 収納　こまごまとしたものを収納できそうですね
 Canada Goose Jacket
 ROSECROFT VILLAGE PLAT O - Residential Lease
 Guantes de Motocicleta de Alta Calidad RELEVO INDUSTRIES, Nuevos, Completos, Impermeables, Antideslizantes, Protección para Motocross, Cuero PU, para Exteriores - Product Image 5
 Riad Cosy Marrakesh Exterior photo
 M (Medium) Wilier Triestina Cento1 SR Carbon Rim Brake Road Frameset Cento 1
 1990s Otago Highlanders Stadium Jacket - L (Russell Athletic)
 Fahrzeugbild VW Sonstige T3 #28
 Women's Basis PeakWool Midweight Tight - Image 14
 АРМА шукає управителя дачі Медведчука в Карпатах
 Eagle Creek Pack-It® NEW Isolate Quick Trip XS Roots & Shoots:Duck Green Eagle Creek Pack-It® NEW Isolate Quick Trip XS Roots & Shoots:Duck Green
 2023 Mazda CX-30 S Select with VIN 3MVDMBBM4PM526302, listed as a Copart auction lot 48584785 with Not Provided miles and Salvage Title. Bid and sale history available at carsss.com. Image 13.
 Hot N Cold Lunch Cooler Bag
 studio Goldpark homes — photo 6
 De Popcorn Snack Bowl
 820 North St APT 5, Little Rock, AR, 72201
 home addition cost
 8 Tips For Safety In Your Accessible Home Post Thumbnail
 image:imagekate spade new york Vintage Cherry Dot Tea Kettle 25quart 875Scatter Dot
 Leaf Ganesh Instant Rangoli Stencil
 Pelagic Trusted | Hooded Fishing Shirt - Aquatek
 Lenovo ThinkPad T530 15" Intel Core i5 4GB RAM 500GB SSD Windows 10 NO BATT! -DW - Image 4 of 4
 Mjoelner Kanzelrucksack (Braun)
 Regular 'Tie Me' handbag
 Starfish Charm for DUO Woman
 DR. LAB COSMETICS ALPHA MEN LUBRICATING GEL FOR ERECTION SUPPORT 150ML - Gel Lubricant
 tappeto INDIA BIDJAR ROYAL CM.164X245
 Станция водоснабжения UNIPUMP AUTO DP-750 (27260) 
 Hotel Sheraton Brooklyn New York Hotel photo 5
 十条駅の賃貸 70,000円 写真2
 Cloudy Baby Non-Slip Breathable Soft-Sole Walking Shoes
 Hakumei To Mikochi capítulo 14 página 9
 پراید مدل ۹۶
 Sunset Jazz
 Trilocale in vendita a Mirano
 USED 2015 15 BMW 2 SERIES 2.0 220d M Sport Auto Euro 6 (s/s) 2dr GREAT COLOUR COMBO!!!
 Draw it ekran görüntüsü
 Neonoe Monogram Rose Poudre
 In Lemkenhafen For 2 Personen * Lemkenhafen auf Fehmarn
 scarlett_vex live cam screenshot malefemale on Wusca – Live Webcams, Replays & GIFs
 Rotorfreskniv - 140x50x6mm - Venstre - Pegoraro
==================================================
▶ **Description of the task**
Output all of the data above without any alteration.

▶ **Solution for this task**
 収納　こまごまとしたものを収納できそうですね
 Canada Goose Jacket
 ROSECROFT VILLAGE PLAT O - Residential Lease
 Guantes de Motocicleta de Alta Calidad RELEVO INDUSTRIES, Nuevos, Completos, Impermeables, Antideslizantes, Protección para Motocross, Cuero PU, para Exteriores - Product Image 5
 Riad Cosy Marrakesh Exterior photo
 M (Medium) Wilier Triestina Cento1 SR Carbon Rim Brake Road Frameset Cento 1
 1990s Otago Highlanders Stadium Jacket - L (Russell Athletic)
 Fahrzeugbild VW Sonstige T3 #28
 Women's Basis PeakWool Midweight Tight - Image 14
 АРМА шукає управителя дачі Медведчука в Карпатах
 Eagle Creek Pack-It® NEW Isolate Quick Trip XS Roots & Shoots:Duck Green Eagle Creek Pack-It® NEW Isolate Quick Trip XS Roots & Shoots:Duck Green
 2023 Mazda CX-30 S Select with VIN 3MVDMBBM4PM526302, listed as a Copart auction lot 48584785 with Not Provided miles and Salvage Title. Bid and sale history available at carsss.com. Image 13.
 Hot N Cold Lunch Cooler Bag
 studio Goldpark homes — photo 6
 De Popcorn Snack Bowl
 820 North St APT 5, Little Rock, AR, 72201
 home addition cost
 8 Tips For Safety In Your Accessible Home Post Thumbnail
 image:imagekate spade new york Vintage Cherry Dot Tea Kettle 25quart 875Scatter Dot
 Leaf Ganesh Instant Rangoli Stencil
 Pelagic Trusted | Hooded Fishing Shirt - Aquatek
 Lenovo ThinkPad T530 15" Intel Core i5 4GB RAM 500GB SSD Windows 10 NO BATT! -DW - Image 4 of 4
 Mjoelner Kanzelrucksack (Braun)
 Regular 'Tie Me' handbag
 Starfish Charm for DUO Woman
 DR. LAB COSMETICS ALPHA MEN LUBRICATING GEL FOR ERECTION SUPPORT 150ML - Gel Lubricant
 tappeto INDIA BIDJAR ROYAL CM.164X245
 Станция водоснабжения UNIPUMP AUTO DP-750 (27260) 
 Hotel Sheraton Brooklyn New York Hotel photo 5
 十条駅の賃貸 70,000円 写真2
 Cloudy Baby Non-Slip Breathable Soft-Sole Walking Shoes
 Hakumei To Mikochi capítulo 14 página 9
 پراید مدل ۹۶
 Sunset Jazz
 Trilocale in vendita a Mirano
 USED 2015 15 BMW 2 SERIES 2.0 220d M Sport Auto Euro 6 (s/s) 2dr GREAT COLOUR COMBO!!!
 Draw it ekran görüntüsü
 Neonoe Monogram Rose Poudre
 In Lemkenhafen For 2 Personen * Lemkenhafen auf Fehmarn
 scarlett_vex live cam screenshot malefemale on Wusca – Live Webcams, Replays & GIFs
 Rotorfreskniv - 140x50x6mm - Venstre - Pegoraro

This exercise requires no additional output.